To help ease the pressure on radiology departments a new and improved radiology system, called Radis2, is now in the process of being implemented across Wales, and will eventually lead to an All Wales Radiology Management System. Radis2 replaces the existing RADIS, which is over 18 years old. The new system allows for better integration of systems such as PACS (picture archiving and communications system) and digital dictation. It also brings an improved database, making it easier to extract management information. All hospitals in Wales will have access to Radis2 by 2010.

In April 2009, the Cancer Information Network System Cymru (Canisc) was established as a national service making it easier for information about treatment to be shared. Designed originally by Cardiff’s Velindre NHS Trust in 1991, Informing Healthcare, along with Velindre and Health Solutions Wales delivered Canisc throughout Wales, and management of the new service will be under the Business Services Centre. The new national service allows any number of NHS Wales organisations to record assessments, treatments and follow up care into a common patient casenote, which any healthcare professional caring for that patient can access, thus giving a full picture of each individual's care wherever that person happens to be treated.
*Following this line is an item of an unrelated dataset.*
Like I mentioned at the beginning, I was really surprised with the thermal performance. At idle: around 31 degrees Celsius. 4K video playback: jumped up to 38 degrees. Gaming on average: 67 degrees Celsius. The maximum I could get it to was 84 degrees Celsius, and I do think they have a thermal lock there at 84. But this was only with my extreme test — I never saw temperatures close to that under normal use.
Some of Informing Healthcare's other projects include working with hospital pharmacies to improve medicines management; ensuring that patients are correctly identified via a Master Patient Index; and procuring the Map of Medicine, a clinical information and service design resource.
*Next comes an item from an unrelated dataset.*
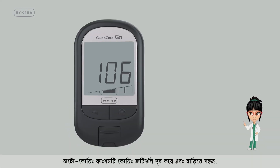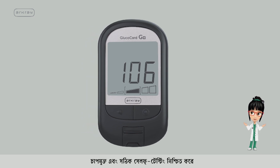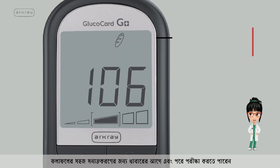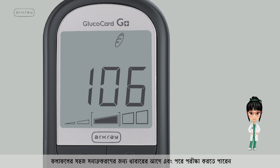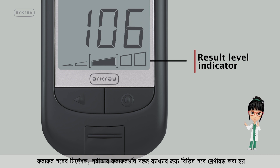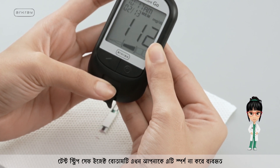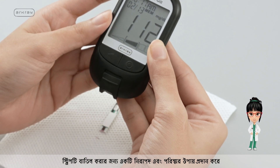The autocoding function eliminates coding errors and ensures easy, stress-free, and accurate self-testing at home. You can flag before and after meal results for easy identification. The Result Level Indicator classifies test results into various levels for easy interpretation. The test strip safe eject button offers a safer and cleaner way to dispose of the used strip without touching it.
== Informing Healthcare and Health Informatics ==

Health informatics professionals are the people work with health IT or information. They cover a wide range of occupations including IT technicians, information analysts, project managers, medical records officers and clinical coders. Together they form a new and rapidly growing class of professional in NHS Wales.

Informing Healthcare is working to ensure Wales attracts new staff to work in this expanding field and to develop them by promoting education, training and professional development through the Welsh Health Informatics Professional Development Programme.